▸ Work task
The line with "Two animated boys" through the last line of the entries: give these again exactly, and only these, without any pictures.

** Entries provided follows **

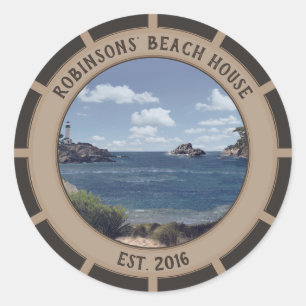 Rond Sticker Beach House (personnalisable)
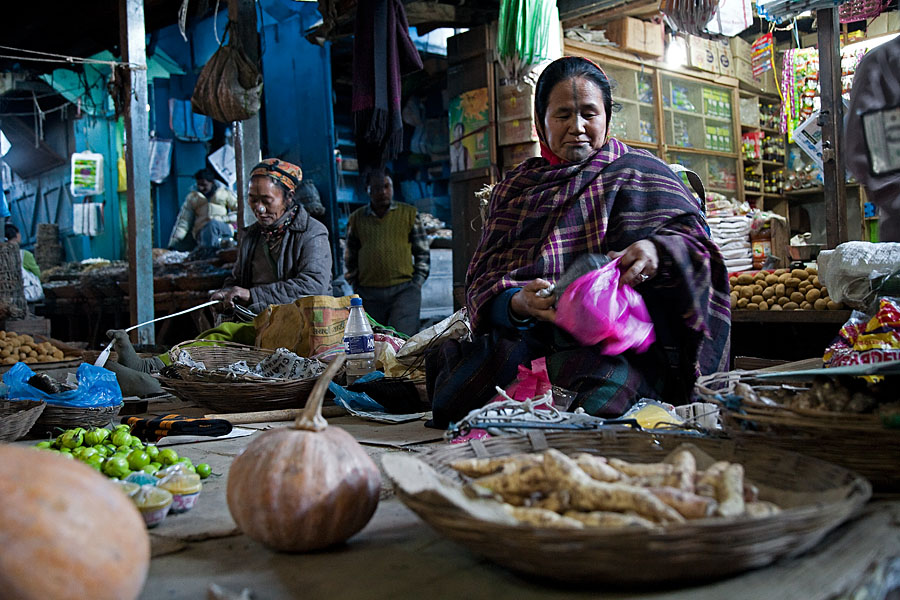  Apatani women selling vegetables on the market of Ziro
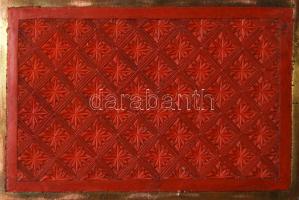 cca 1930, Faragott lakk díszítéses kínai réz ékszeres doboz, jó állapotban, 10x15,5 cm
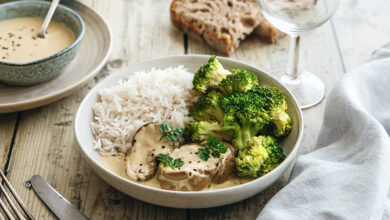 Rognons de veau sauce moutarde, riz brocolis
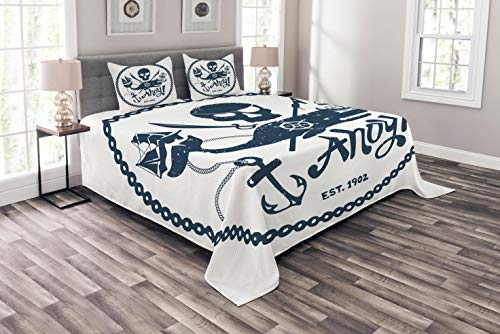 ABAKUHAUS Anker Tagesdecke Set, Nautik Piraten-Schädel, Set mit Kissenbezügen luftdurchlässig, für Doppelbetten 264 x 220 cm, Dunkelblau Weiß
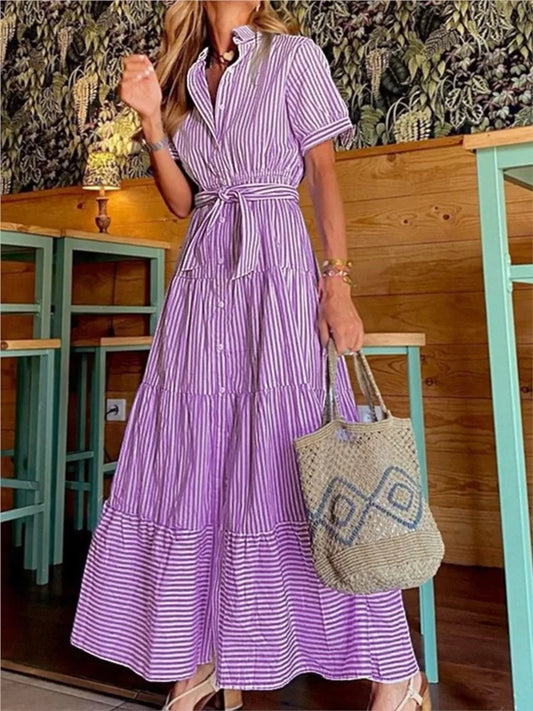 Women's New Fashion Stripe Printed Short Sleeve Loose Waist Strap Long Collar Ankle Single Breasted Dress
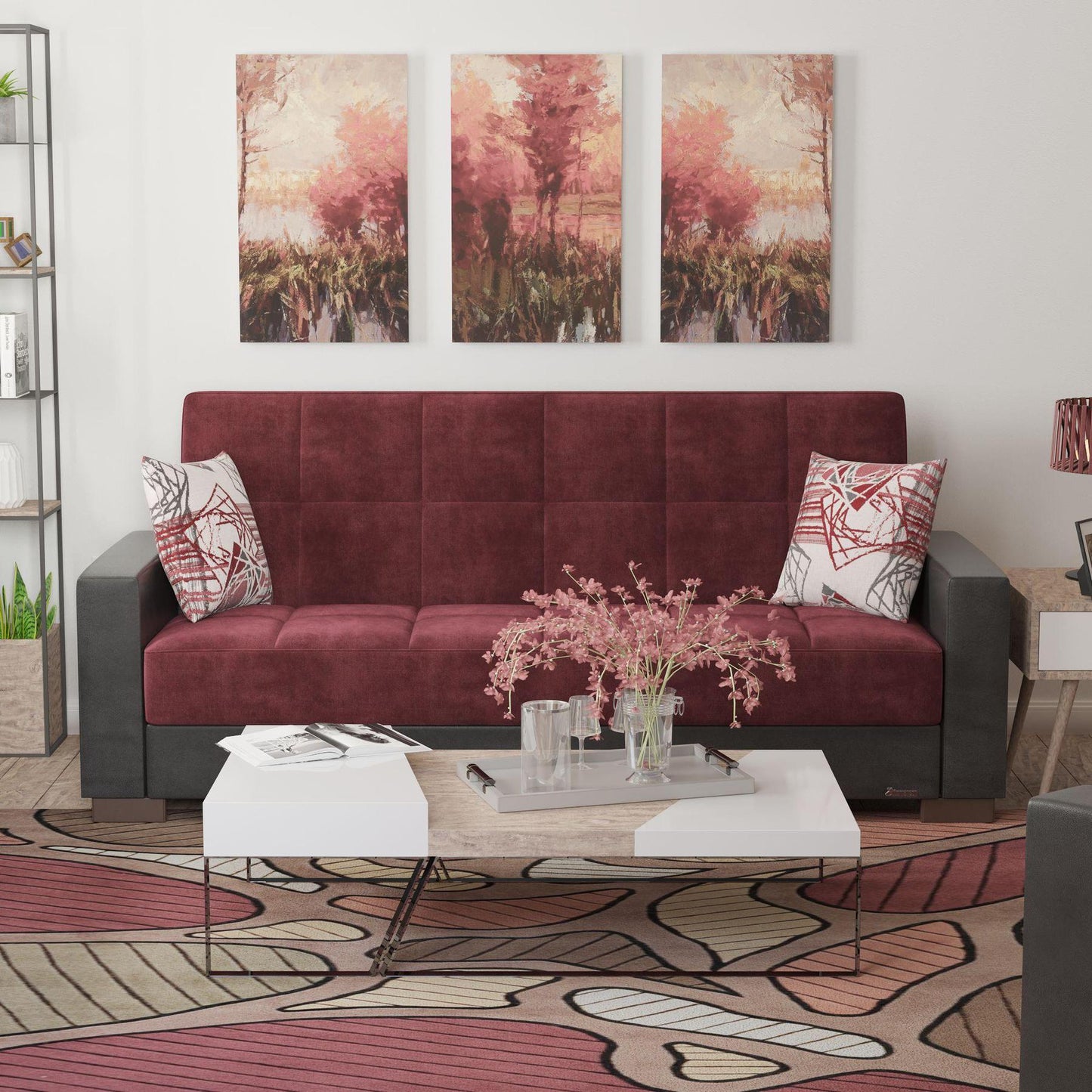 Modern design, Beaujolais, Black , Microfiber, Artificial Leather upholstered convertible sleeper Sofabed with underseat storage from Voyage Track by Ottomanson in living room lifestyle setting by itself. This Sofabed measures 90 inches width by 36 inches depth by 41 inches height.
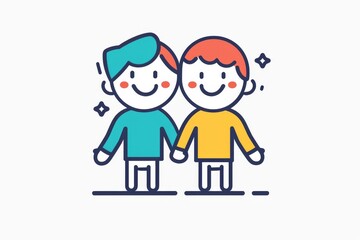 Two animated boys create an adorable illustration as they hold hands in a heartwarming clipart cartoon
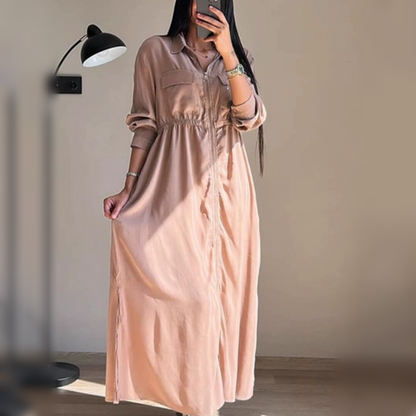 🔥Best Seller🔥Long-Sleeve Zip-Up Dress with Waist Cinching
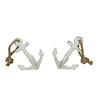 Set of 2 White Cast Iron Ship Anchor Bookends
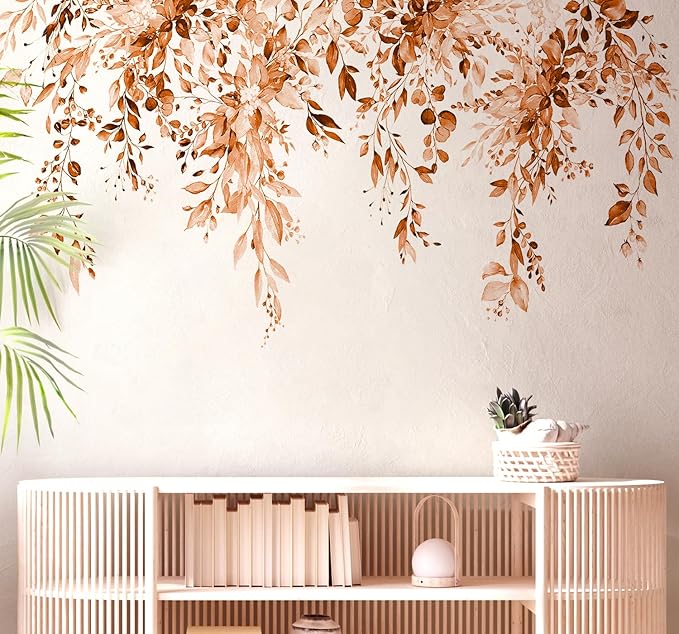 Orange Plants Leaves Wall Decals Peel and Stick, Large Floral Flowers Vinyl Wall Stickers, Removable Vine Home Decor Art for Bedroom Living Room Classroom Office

** End of Entries provided **

▸ Output below
 Two animated boys create an adorable illustration as they hold hands in a heartwarming clipart cartoon
 🔥Best Seller🔥Long-Sleeve Zip-Up Dress with Waist Cinching
 Set of 2 White Cast Iron Ship Anchor Bookends
 Orange Plants Leaves Wall Decals Peel and Stick, Large Floral Flowers Vinyl Wall Stickers, Removable Vine Home Decor Art for Bedroom Living Room Classroom Office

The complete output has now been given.